Nouveau programme de l’agreg
de lettres modernes 2025 :
pas si classique
Par Antony Soron, maître de conférences HDR, formateur agrégé de lettres, Inspé Paris Sorbonne-Université
Alors que la session 2023-2024 est encore en cours, le nouveau programme de l’agrégation de lettres modernes vient de paraître. Richard de Fournival, Hélisenne de Crenne, Bernard-Marie Koltès aux côtés de Corneille, Germaine de Staël et Alfred de Vigny : entre incontournables et inattendus, les nouveaux corpus feront-ils envie aux amateurs, tout en suscitant des vocations ?

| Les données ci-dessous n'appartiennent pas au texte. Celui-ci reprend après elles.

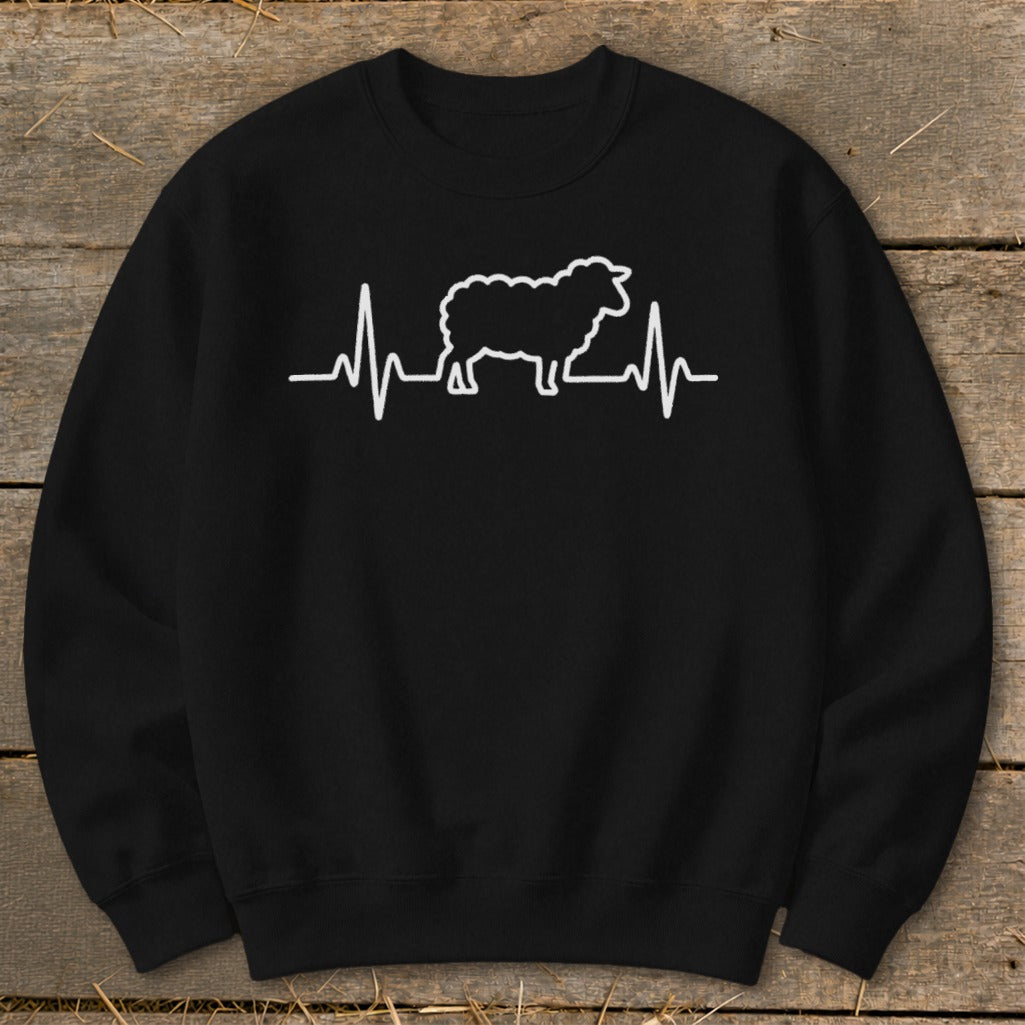 A black crewneck sweatshirt with a white heartbeat line design containing a sheep silhouette in the center.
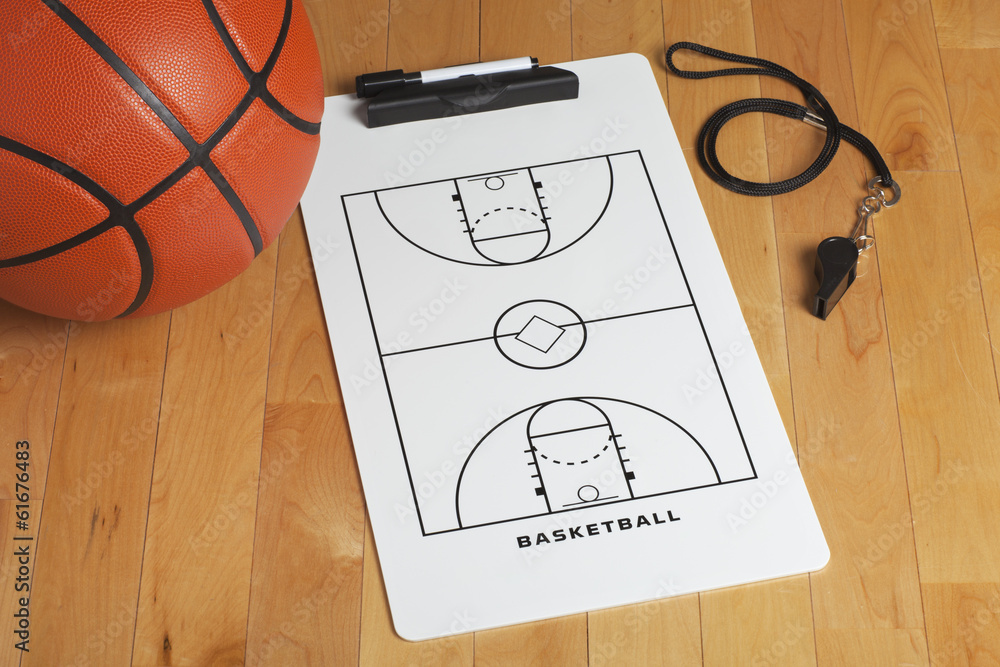 Fototapeta premium A basketball with coach's clipboard and whistle on a wooden gymn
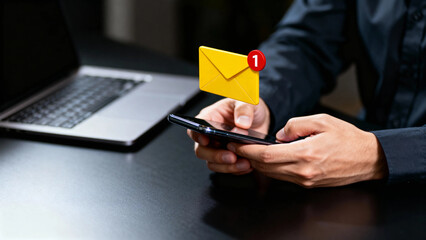 Person checking email notification on smartphone with laptop in background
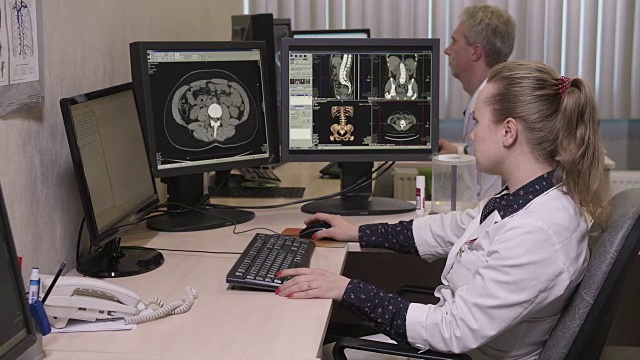 年轻医生在电脑上打字的侧面图视频下载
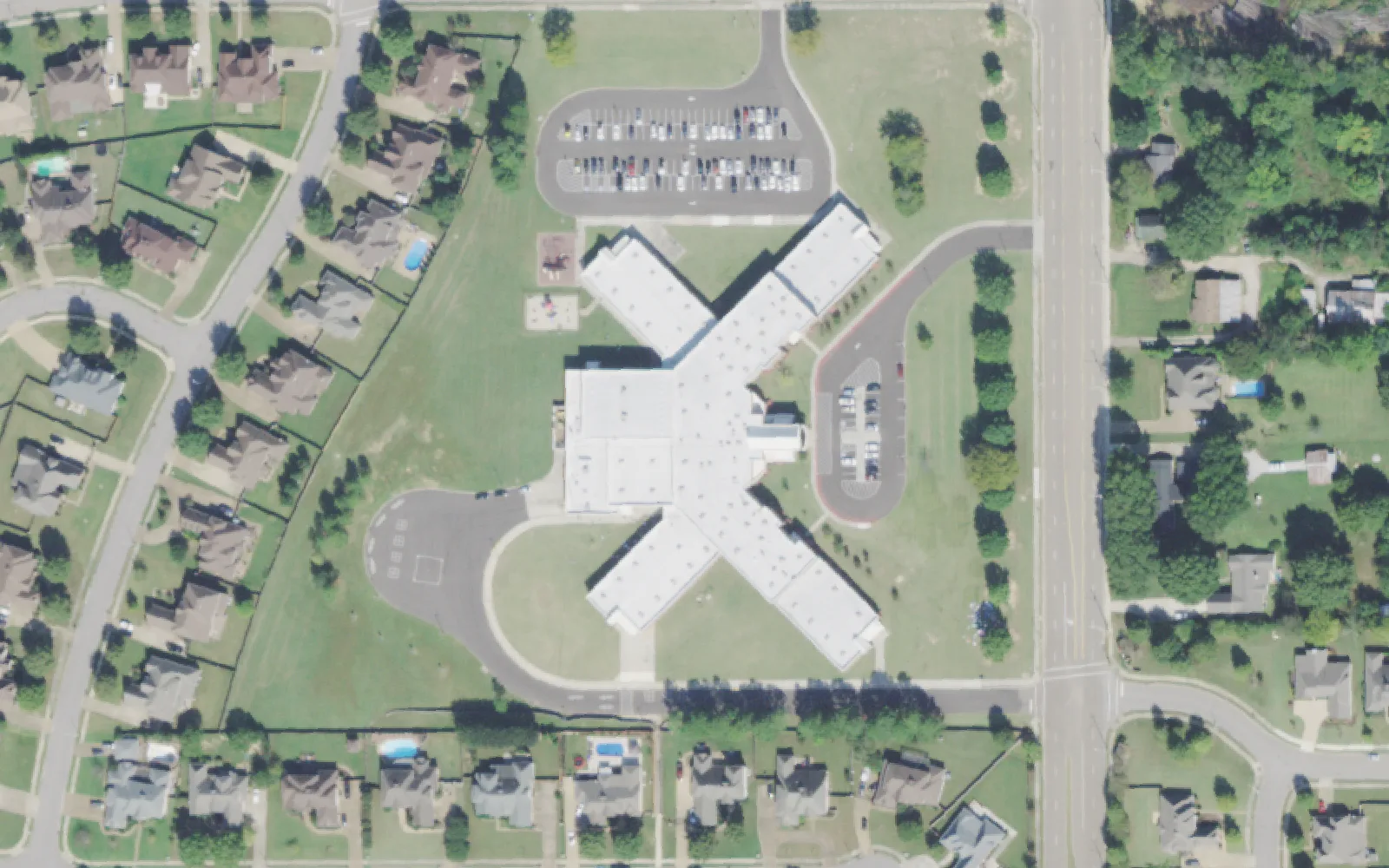 Sycamore Elementary School's X-shaped building and parking lots on Sycamore Road in Collierville, seen from the air.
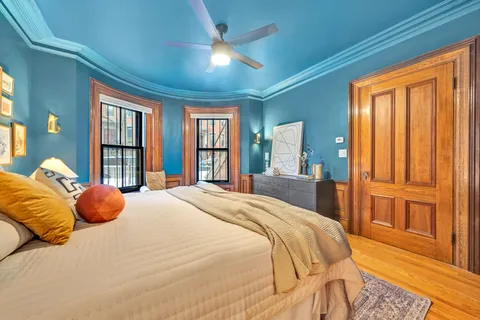 a bedroom with a bed and large windows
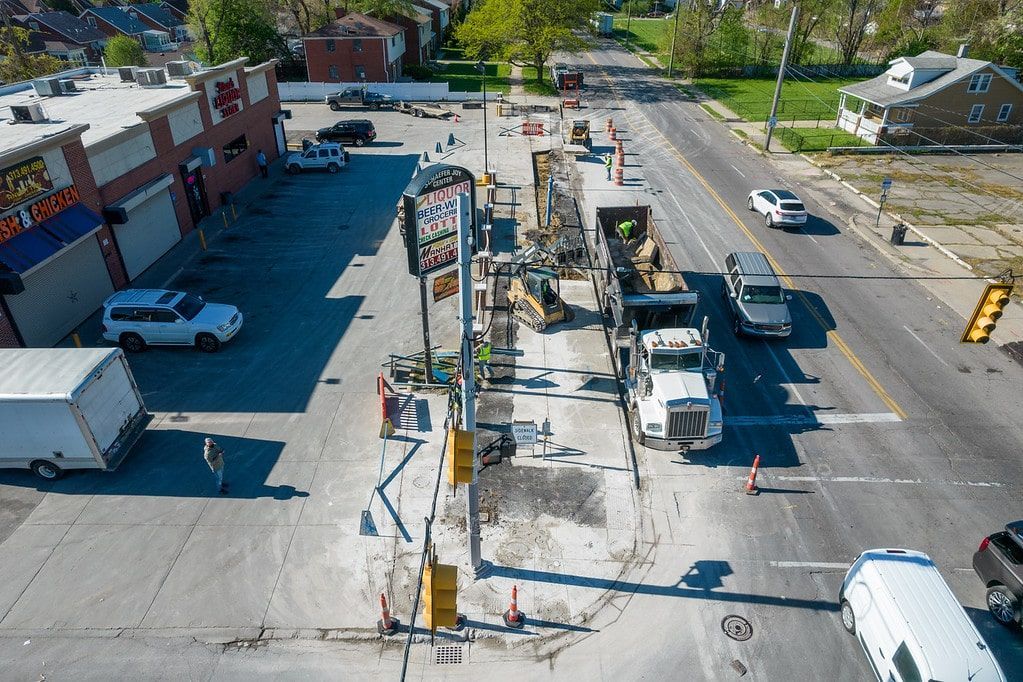 Aerial view of a street intersection with cars, parked vehicles, and buildings on a sunny day
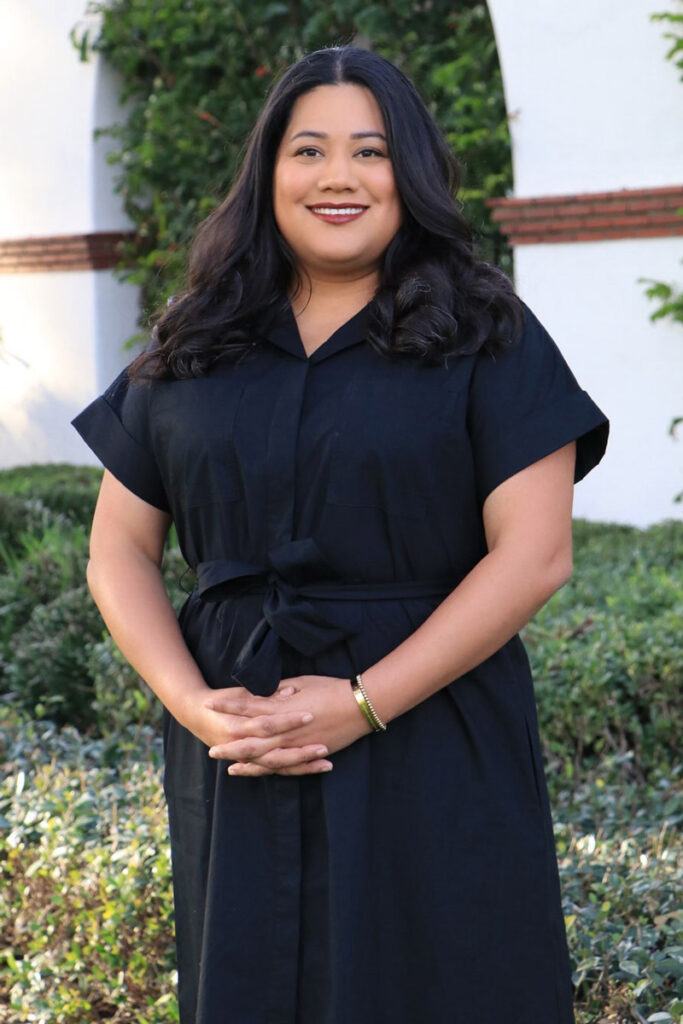 Jessie Lopez in black clothing, smiling and standing with her hands folded.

Par Antony Soron, maître de conférences HDR,
formateur agrégé de lettres, Inspé Paris Sorbonne-Université
Richard de Fournival, un précurseur de la zoocritique ?
Chaque nouveau programme de l’agrégation offre l’occasion d’un focus sur des œuvres sorties des radars de la littérature enseignée. Ainsi, pour des périodes comme le Moyen Âge ou la Renaissance, qui ont moins le vent en poupe, le concours permet des pas de côté salutaires par rapport aux œuvres canonisées par les professeurs. Aussi, le choix de Richard de Fournival constitue-t-il, cette année, une belle surprise au sein du nouveau programme pour la session 2025. D’abord parce que cet éminent lettré du XIIIe siècle apparaît comme un écrivain total, humaniste, bibliophile, poète et médecin ; ensuite parce que son propos dans le Bestiaire d’Amour en fait un visionnaire. Puisant dans la tradition zoologique antique et médiévale, l’auteur se sert des animaux pour mettre en scène l’amour courtois. Son propos poétique ayant notamment le mérite de la non-complaisance envers les manœuvres sournoises de l’amant1.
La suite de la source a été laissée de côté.